Now that we're doing for the second time, we've gotten good at it. It's that time of year to "remember the victims", tell ourselves that September 11 "only made us stronger", and (if we're really feeling rebellious) issue demands to no one in particular that some unspecified group needs to stop "threatening our freedom".
This last bromide is personally the most annoying. How these limp-wristed Republicans can start mouthing the same, old, pre-fab nonsense when discussing the deaths of 3,000 people and the potential for thousands more to die I have no idea. Can we make an exception, and say what we really mean for once? The threat is to our existence, not to our "freedom". If and when the United States is mostly annihilated, those remaining few people can worry about their lack of freedom. In the meantime, the rest of us should be more concerned that we might not live for the day when all the American newspapers are only publishing Islamic propaganda.
Declaring that our "freedom" is being threatened sounds like typical Young Republican Club party line. I guess in the past, threats against "freedom" were sufficient as puffery for the agenda at hand. (Like a judge being prevented from displaying the Ten Commandments, which a typical Republican would call an attack on his "freedom".) Every time I hear someone characterize this war we're in as a fight for "freedom", I wonder whether these guys are actually longing to relive the Cold War and the Reagan presidency.
These Islamic terrorists want to kill us. We need to kill them first and end the governments which make them possible. In other words, we need to kill and bomb, and occasionally threaten to kill and bomb. The latter is diplomacy.
We need to stop "remembering" the victims. Anyone who "remembers" the victims of September 11 without making the mental connection with what should be done as a result of the September 11 attacks, is not remembering the victims.

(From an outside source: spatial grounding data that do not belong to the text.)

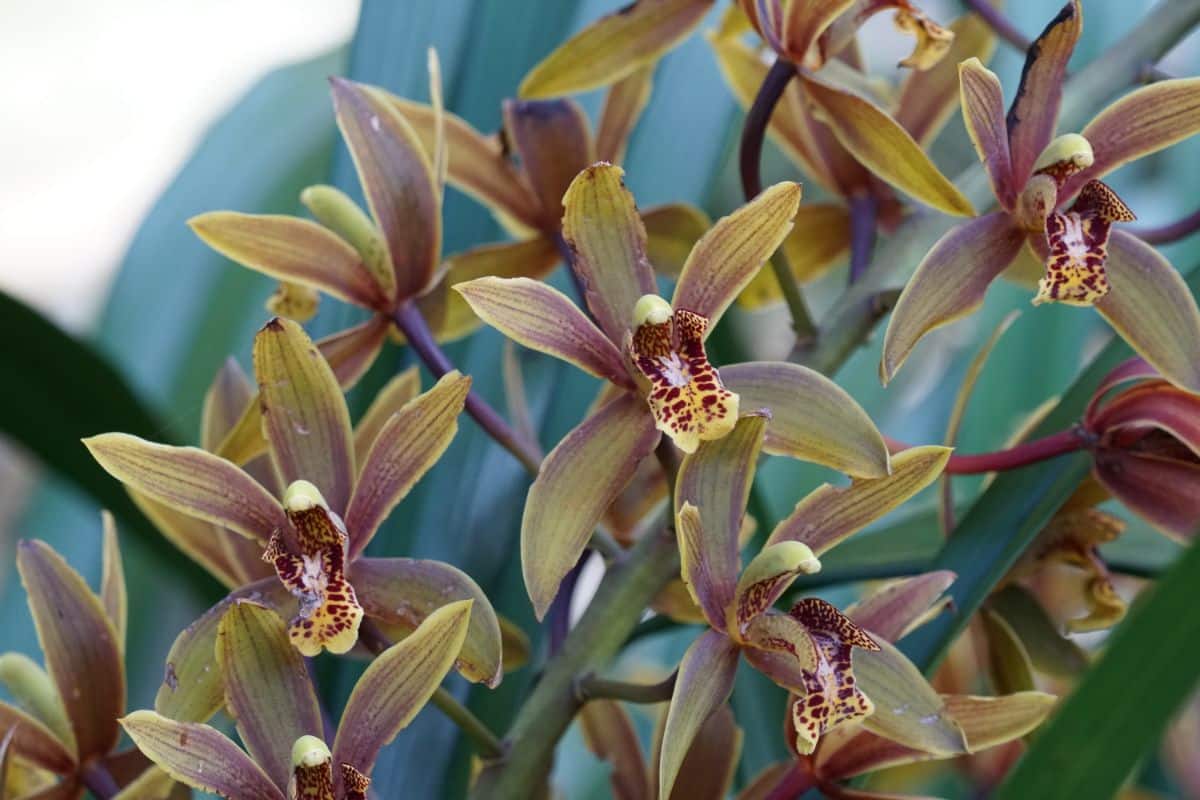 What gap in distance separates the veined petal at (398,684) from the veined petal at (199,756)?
3 cm

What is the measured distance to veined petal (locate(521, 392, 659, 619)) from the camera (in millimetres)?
544

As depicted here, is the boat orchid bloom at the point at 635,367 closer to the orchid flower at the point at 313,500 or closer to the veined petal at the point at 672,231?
the orchid flower at the point at 313,500

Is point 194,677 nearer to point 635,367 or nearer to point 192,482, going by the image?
point 192,482

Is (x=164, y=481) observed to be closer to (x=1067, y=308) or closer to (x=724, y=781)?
(x=724, y=781)

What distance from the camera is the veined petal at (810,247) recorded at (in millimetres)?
815

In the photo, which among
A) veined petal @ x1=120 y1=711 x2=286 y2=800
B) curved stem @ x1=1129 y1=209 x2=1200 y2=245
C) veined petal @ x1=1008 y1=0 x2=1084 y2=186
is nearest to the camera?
veined petal @ x1=120 y1=711 x2=286 y2=800

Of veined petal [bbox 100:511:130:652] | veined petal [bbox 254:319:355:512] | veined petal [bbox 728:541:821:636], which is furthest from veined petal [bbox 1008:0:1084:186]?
veined petal [bbox 100:511:130:652]

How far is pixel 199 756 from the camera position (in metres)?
0.50

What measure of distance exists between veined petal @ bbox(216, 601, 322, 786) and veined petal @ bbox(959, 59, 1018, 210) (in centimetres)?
36

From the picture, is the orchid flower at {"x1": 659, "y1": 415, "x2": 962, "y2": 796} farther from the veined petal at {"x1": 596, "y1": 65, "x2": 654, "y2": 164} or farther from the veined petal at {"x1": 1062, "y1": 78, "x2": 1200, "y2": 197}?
the veined petal at {"x1": 596, "y1": 65, "x2": 654, "y2": 164}

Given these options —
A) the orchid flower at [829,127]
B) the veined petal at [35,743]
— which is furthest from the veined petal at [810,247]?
the veined petal at [35,743]

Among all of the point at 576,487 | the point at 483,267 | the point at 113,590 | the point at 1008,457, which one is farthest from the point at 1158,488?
the point at 113,590

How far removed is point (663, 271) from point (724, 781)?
31cm

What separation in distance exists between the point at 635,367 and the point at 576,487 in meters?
0.06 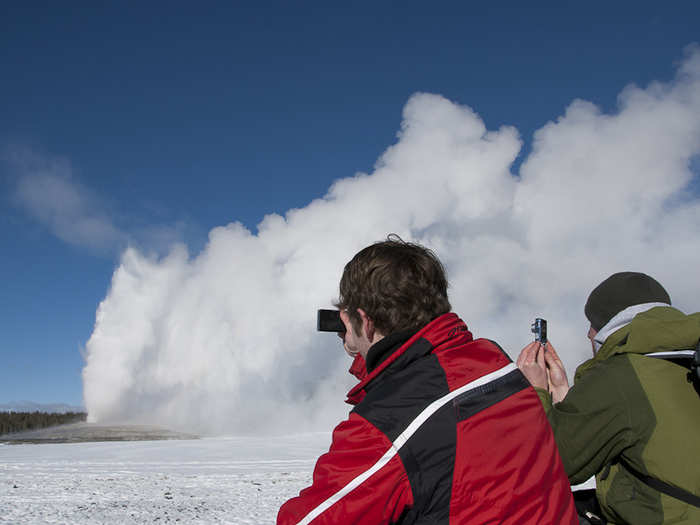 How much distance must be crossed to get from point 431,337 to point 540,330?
55.5 inches

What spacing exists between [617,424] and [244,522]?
674 centimetres

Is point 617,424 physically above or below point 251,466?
above

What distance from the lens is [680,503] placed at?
2.31 metres

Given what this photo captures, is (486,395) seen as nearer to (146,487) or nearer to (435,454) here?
(435,454)

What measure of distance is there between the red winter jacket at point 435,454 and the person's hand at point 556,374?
4.04ft

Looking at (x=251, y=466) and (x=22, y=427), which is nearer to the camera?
(x=251, y=466)

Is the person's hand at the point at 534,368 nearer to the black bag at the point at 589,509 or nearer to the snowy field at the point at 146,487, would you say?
the black bag at the point at 589,509

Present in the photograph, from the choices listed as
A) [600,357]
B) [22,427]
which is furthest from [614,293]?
[22,427]

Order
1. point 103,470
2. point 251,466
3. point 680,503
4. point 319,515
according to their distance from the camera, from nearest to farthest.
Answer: point 319,515 → point 680,503 → point 103,470 → point 251,466

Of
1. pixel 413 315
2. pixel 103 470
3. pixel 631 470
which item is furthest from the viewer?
pixel 103 470

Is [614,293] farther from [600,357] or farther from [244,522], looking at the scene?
[244,522]

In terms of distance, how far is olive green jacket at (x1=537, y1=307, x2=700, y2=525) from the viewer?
7.65ft

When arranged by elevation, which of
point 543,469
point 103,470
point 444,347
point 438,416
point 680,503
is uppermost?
point 444,347

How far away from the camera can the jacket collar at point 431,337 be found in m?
1.88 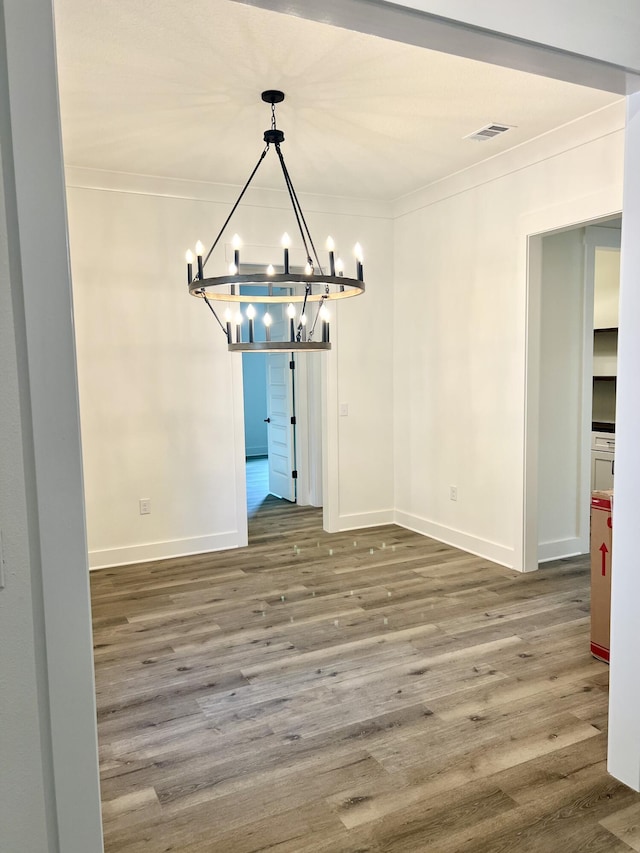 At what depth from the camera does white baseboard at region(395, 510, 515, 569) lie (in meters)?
4.50

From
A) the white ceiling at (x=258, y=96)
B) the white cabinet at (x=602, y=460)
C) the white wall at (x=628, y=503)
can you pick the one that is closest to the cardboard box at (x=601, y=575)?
the white wall at (x=628, y=503)

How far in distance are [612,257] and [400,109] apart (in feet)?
11.4

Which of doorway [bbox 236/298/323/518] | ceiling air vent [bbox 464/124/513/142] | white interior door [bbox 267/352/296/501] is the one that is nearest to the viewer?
ceiling air vent [bbox 464/124/513/142]

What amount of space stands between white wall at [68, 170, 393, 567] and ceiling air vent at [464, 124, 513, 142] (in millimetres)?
1580

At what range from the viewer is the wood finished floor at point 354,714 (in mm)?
1979

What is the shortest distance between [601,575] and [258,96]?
299cm

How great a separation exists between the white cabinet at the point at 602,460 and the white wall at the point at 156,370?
2539mm

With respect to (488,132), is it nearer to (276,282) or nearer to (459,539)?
(276,282)

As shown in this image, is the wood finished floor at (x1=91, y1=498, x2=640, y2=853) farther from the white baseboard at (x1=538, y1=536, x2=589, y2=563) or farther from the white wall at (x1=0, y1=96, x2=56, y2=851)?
the white wall at (x1=0, y1=96, x2=56, y2=851)

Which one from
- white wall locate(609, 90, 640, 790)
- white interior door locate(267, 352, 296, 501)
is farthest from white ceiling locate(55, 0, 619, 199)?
white interior door locate(267, 352, 296, 501)

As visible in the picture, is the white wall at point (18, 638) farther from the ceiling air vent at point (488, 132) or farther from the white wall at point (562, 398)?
the white wall at point (562, 398)

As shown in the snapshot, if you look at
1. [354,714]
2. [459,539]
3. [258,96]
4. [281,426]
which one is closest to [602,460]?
[459,539]

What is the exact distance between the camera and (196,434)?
483cm

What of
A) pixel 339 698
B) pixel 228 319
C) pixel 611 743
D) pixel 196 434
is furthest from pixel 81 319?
pixel 611 743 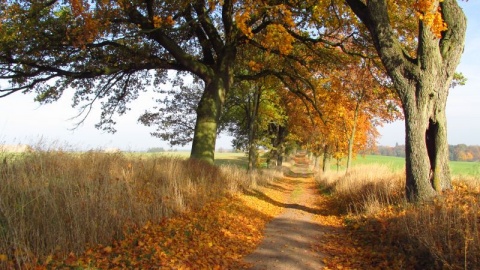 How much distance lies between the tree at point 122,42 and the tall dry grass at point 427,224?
5831 mm

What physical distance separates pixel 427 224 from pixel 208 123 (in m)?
8.56

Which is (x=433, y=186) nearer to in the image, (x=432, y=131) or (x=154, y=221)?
(x=432, y=131)

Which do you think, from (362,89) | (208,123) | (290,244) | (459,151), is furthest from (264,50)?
(459,151)

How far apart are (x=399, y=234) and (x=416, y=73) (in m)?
3.72

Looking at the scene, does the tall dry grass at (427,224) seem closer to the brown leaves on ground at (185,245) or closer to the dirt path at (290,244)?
the dirt path at (290,244)

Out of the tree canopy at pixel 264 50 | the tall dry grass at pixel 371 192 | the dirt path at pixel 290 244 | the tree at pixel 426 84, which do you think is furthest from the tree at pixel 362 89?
the dirt path at pixel 290 244

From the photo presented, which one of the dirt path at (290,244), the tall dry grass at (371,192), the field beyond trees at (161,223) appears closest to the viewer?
the field beyond trees at (161,223)

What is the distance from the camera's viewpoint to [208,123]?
12742 millimetres

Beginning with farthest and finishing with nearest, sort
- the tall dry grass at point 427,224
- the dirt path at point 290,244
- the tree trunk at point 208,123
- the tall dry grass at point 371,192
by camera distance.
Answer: the tree trunk at point 208,123 → the tall dry grass at point 371,192 → the dirt path at point 290,244 → the tall dry grass at point 427,224

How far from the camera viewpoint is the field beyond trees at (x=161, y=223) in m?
4.84

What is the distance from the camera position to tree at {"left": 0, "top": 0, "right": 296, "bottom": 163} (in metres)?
9.55

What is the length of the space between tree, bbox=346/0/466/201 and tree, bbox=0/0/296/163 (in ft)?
11.8

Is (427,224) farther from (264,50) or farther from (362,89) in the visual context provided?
(362,89)

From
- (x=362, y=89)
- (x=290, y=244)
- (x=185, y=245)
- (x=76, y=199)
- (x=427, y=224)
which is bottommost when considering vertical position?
(x=290, y=244) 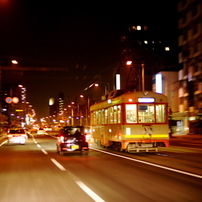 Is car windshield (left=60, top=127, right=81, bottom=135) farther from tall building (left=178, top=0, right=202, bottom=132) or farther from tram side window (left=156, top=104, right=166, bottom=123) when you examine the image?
tall building (left=178, top=0, right=202, bottom=132)

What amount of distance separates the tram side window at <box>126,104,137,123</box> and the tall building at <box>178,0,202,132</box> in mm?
26162

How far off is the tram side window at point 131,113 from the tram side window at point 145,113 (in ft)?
0.86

What they're doing is turning the most horrific, the most real event of their lives into a PR opportunity. In the case of the political speeches, it's a PR opportunity in the usual sense of the term. In the case of Joe Schmo making an equivalent comment to a coworker, it's personal PR. In either case, it's people trampling over several thousand graves to show how fucking caring they are.
Fuck that. Show me how caring you are by telling me where the next bomb should land. Otherwise, when the Sears Tower or the Golden Gate Bridge goes down, what are you going to do? Just add the dates of their demise to your calendar and recycle your September 11 speech? And then do the same when the rest of NYC and DC go down?
There's one simple thing we can do on this date to pay actual respect to the people who died in the attacks. For one 24-hour period, please, let's not be completely full of shit.